[Data excerpts]
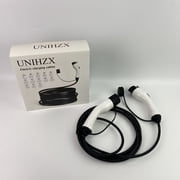 UNIHZX Electric charging cables,Level 1 and Level 2 Portable EV Charger, 16 Amp 25 ft Cable Charging Cable - Dual Voltage 120V 240V Home EV Charging Station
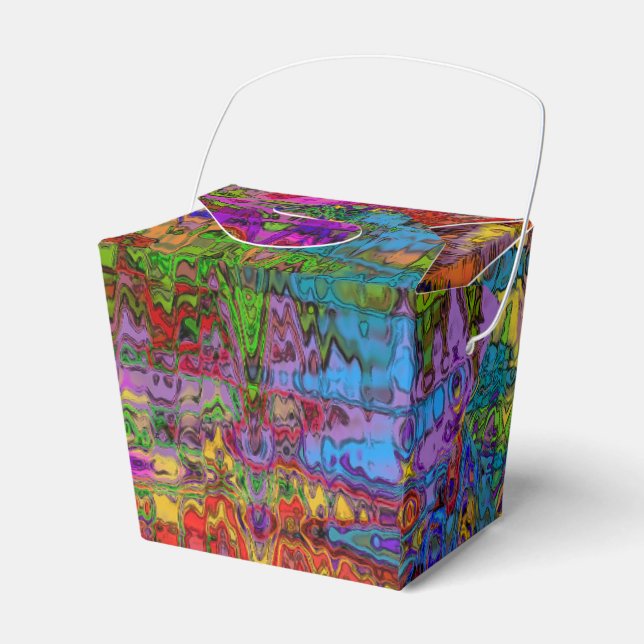 Caixinha De Lembrancinhas Groovy Abstrato (Frente)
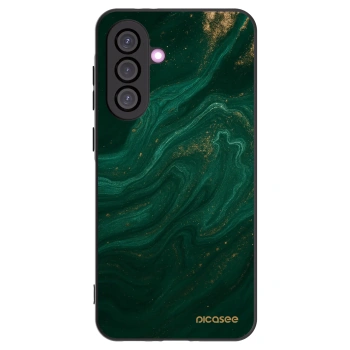 Picasee crna silikonska maskica za Samsung Galaxy A36 5G - Green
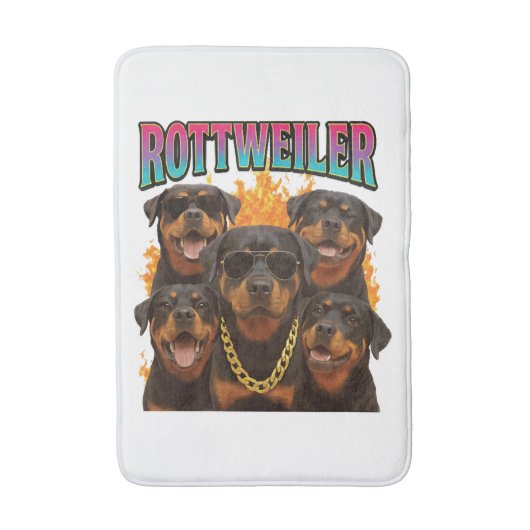 Rottweiler badmat (Voorkant Verticaal)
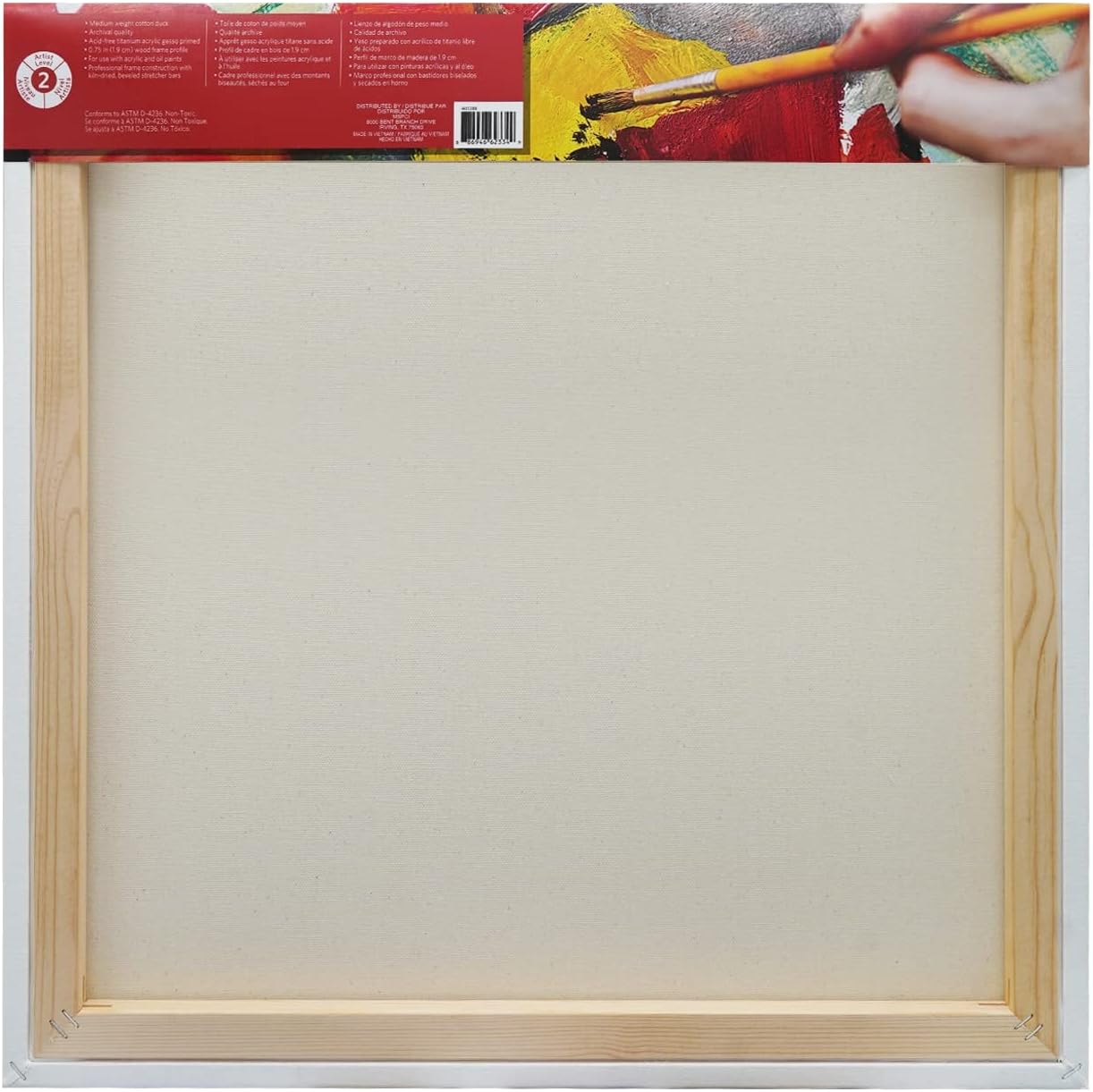 Artist's Loft Level 2 Gallery Wrapped Traditional Canvas, 12 Pack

[Problem to solve] Every entry above is to be copied verbatim, with the pictures removed.

[Written reply]
 UNIHZX Electric charging cables,Level 1 and Level 2 Portable EV Charger, 16 Amp 25 ft Cable Charging Cable - Dual Voltage 120V 240V Home EV Charging Station
 Caixinha De Lembrancinhas Groovy Abstrato (Frente)
 Picasee crna silikonska maskica za Samsung Galaxy A36 5G - Green
 Rottweiler badmat (Voorkant Verticaal)
 Artist's Loft Level 2 Gallery Wrapped Traditional Canvas, 12 Pack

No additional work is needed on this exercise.